«Но даже если правда, что это таинственное и трусливое животное, человек, совсем или почти совсем не изменилось; даже если правда, что у тех, кто пытался изменить его сущность, были не менее веские причины верить в успех своего предприятия, чем у нас; даже если правда, что с незапамятных времен каждое последующее поколение делает одну и ту же ошибку, считая, что именно оно призвано подготовить переход к совершенно новым условиям существования, и именно оно имеет тот единственный шанс, которого не было у предыдущих поколений, — eh bien[44], значит, люди до сих пор не зря тратили жизнь на достижение заведомо недостижимой цели; значит, лучшее, что может человек сделать из своей жизни — это прожить ее, подготавливая переход к тому недостижимому состоянию, в котором все, что есть в человеке ценного, сможет наконец преодолеть время — и, может быть, обрести величие».
Слушать ей больше не хотелось. Они все время говорят о подготовке к жизни, а жизнь-то проходит, только им до этого дела нет. Вот и Господь тоже взял да и прогнал от себя свою мать самым невозможным образом, чтобы не мешала заниматься «подготовкой». Потом-то, конечно, ей можно было все глаза выплакать. Только что с того?

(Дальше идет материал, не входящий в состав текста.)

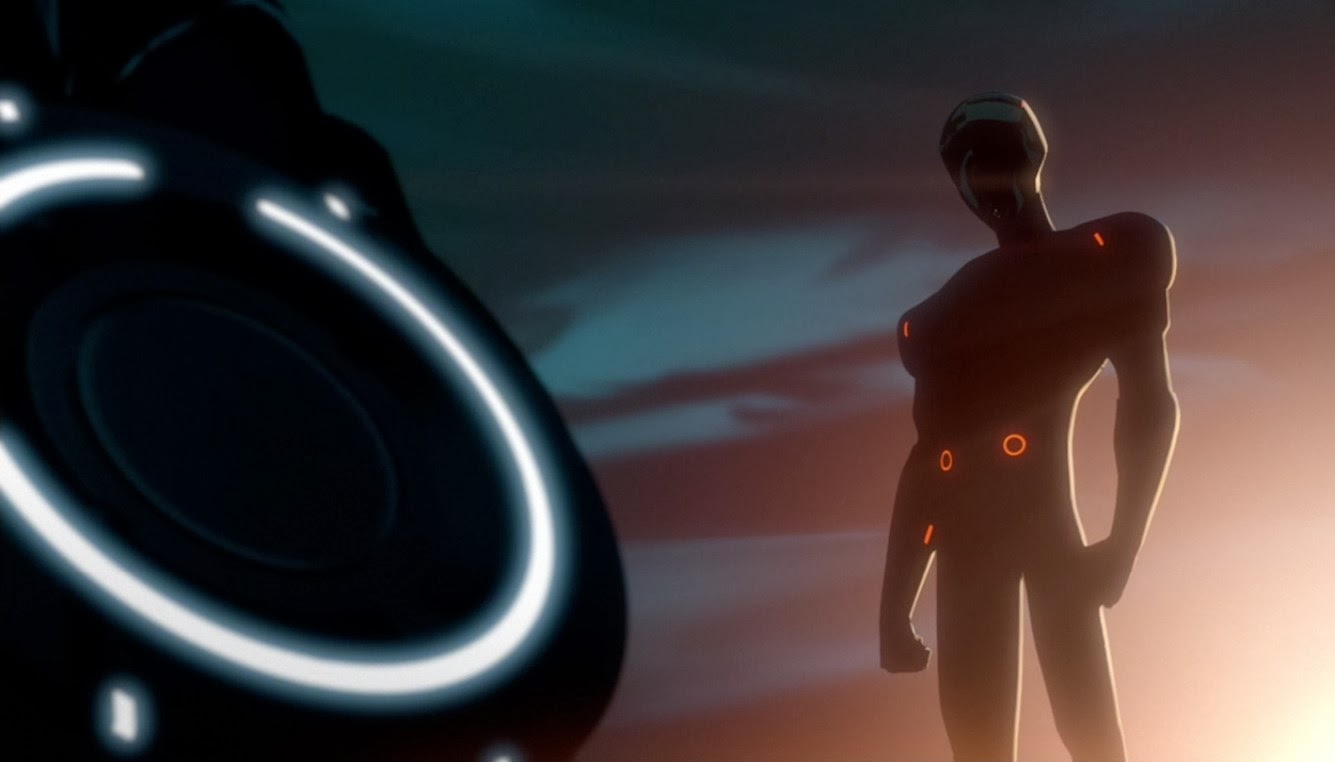 The Thing with Tron Uprising.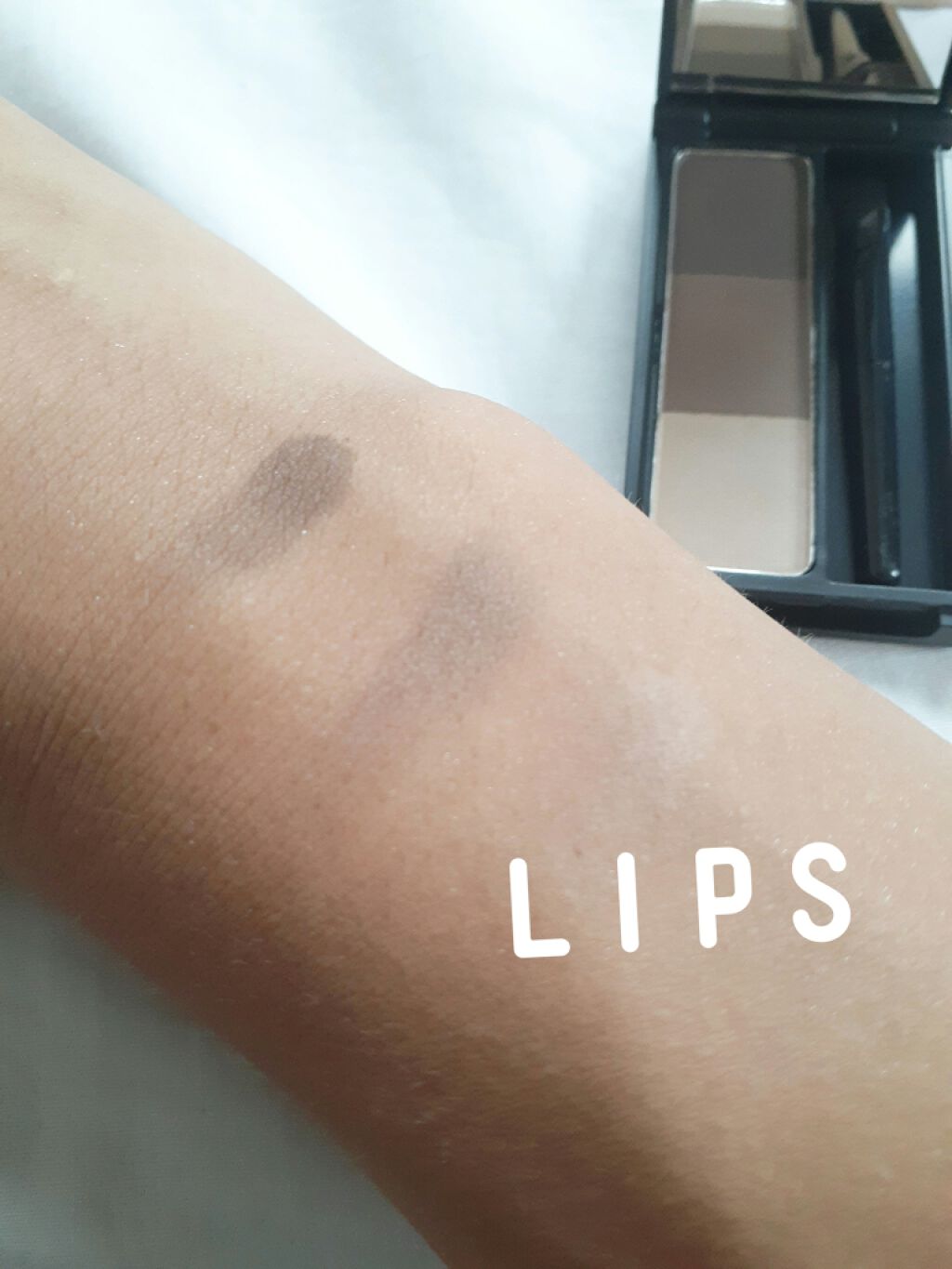 UR GLAM EYEBROW POWDER/U R GLAM/パウダーアイブロウを使ったクチコミ(2枚目)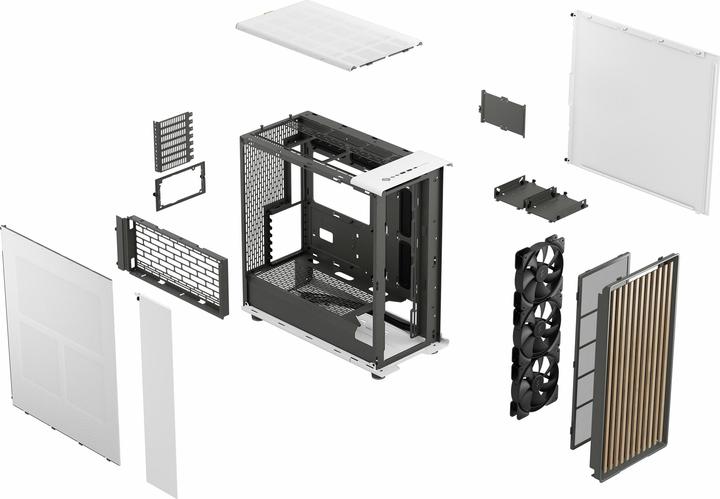 Produktbild Fractal North XL (E-ATX, mATX, Mini-ITX, ATX)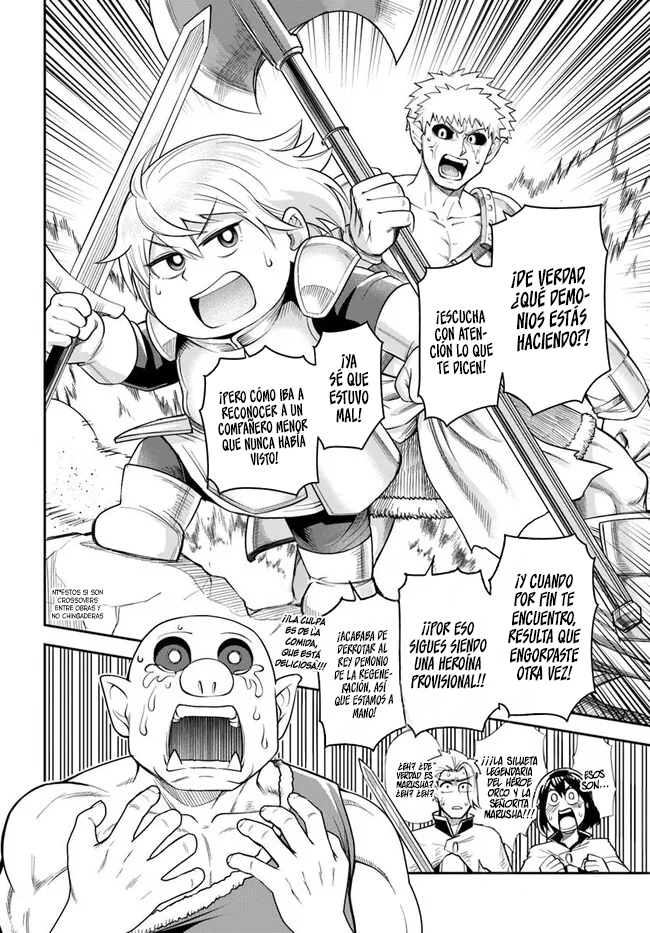 Dungeon no Osananajimi Capítulo 65 - Page 9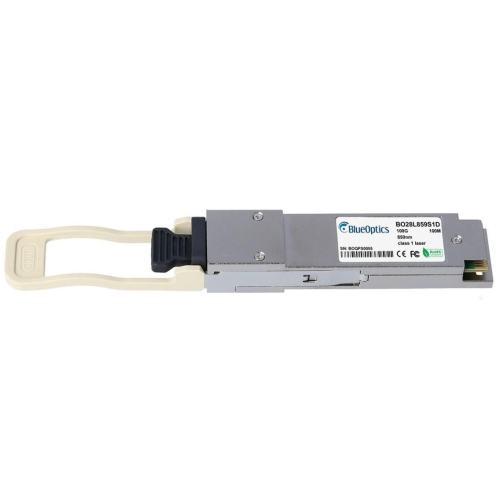 BlueOptics MMA1B00-C100-NV-BO moduł przekaźników sieciowych Swiatłowód QSFP28-23389243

Герда снова опечалилась. Все это не имеет смысла. Она хотела детей и мужа, который думал бы только о жене и детях. Она медленно жевала сандвич, и слезы повисли у нее на ресницах. Плакала она не от жалости к себе, как раньше. Она оплакивала мужчину, которого любила. Она плакала, как плакало до нее бесчисленное множество женщин в минуты, когда любили своих мужчин куда сильнее, чем в постели: они любили их как блудных сыновей.

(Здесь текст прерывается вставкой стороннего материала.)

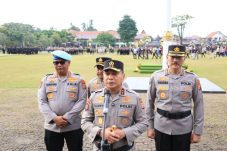 Menyusul Kapolsek dan Kanitres, Seluruh Personil Polsek Panipahan Dirotasi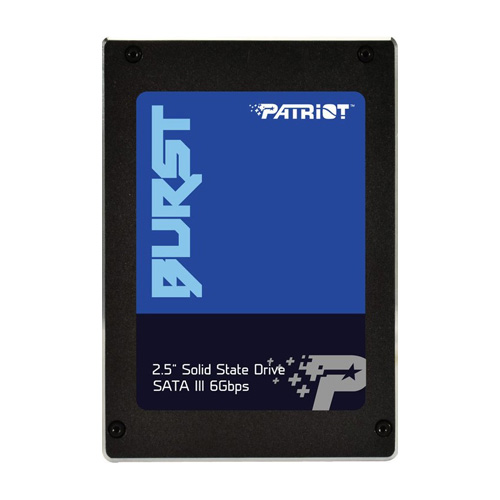 SSD Patriot Burst 240GB SATA III 2.5” 7mm (PBU240GS25SSDR) 118MC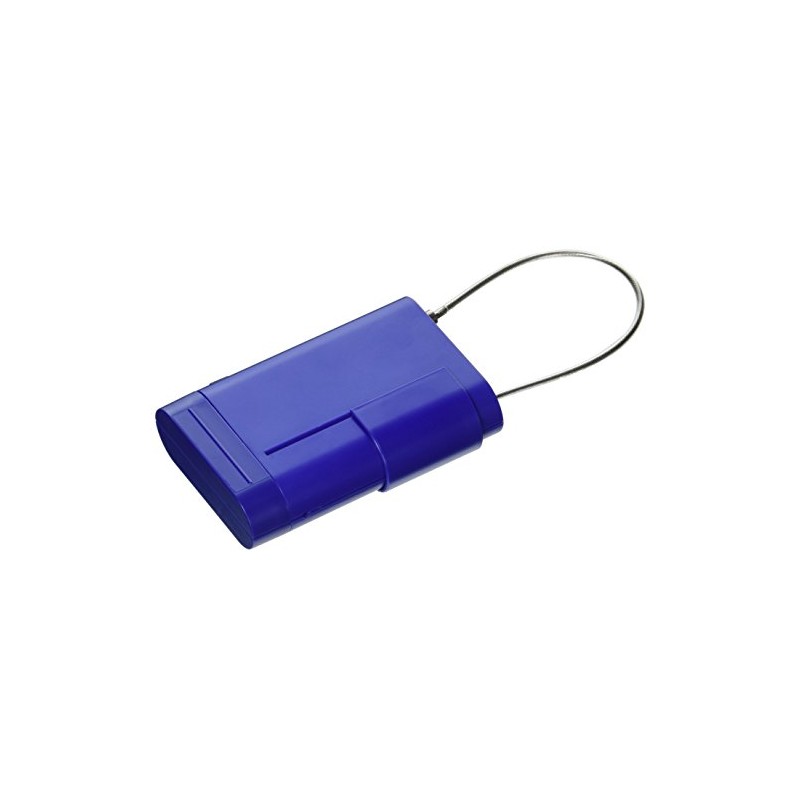 Kidde AccessPoint 001860 Portable Stor-A-Key with Adjustable Cable, Blue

Часть третья. «Не мертвые восславят Бога…»
Глава первая
Можно было считать, что ничто не изменилось. Зеленовато-голубое небо рано пришедшей весны над их головами оставалось таким же просторным, да и земля под ногами не могла, очевидно, уже стать жестче. Иногда им казалось, что и улицы их города тоже не изменились.
Однако каждый день, приближавший лето, лишал кого-то из них родины. И в те ночи, которые они не могли провести в своей постели, им уже не верилось даже, что и у них когда-то был дом, была постель, что и они, подобно другим, когда-то жили нормальной жизнью, под своим собственным именем.
Те, кто сравнивал их с кротами, обещая скоро покончить с этими вредителями, скоро поняли, что охота будет долгой. Иногда они и сами не знали, кто из них охотник, а кто — дичь.
Они приходили из пригородных поселков, где жили безработные, с заводов, из партийных организаций — большей частью те самые «партработники на местах, которые никогда ничего не понимали». Они и были нелегальной партией. И враг знал это. Он видел знаки, оставленные на стенах их руками, ранним туманным утром он видел красные знамена, развевавшиеся высоко вверху, на фабричных трубах: разгромленная партия живет! Их следы были на листовках, рисунках, даже на шоссейных дорогах, по которым проносились мотоциклы, километр за километром печатая своими умело обработанными покрышками: «КПГ жива — СКФ[45] вернется».
Слова и названия, которых прежде не запоминали, не замечали, теперь произносились тихо, как предостережение: Папештрассе, «Колумбия», Ораниенбург, Дахау. Таких названий, означавших безымянные муки, становилось все больше.
Все знали — стоит лишь узникам заговорить и муки их кончатся. И все знали, что они молчат.
Народ испытывал перед ними ужас, боялся сам испытать то страшное, что выпало на их долю. Он устал от жертв, стремясь как можно скорее забыть, ради кого они приносились.
Партия жила, но она была изолирована от тех масс, к которым взывала, точно тонущий спасатель, партия жила «в подполье». Она возлагала надежды на осень. Пришли дожди и размыли надписи на стенах, превратившиеся в непонятные руны, повествующие о забытом прошлом. Но надежда была столь велика, что скоро могла стать для партии всем, она была безгранична, ибо жить было тяжелее, чем умереть ради нее.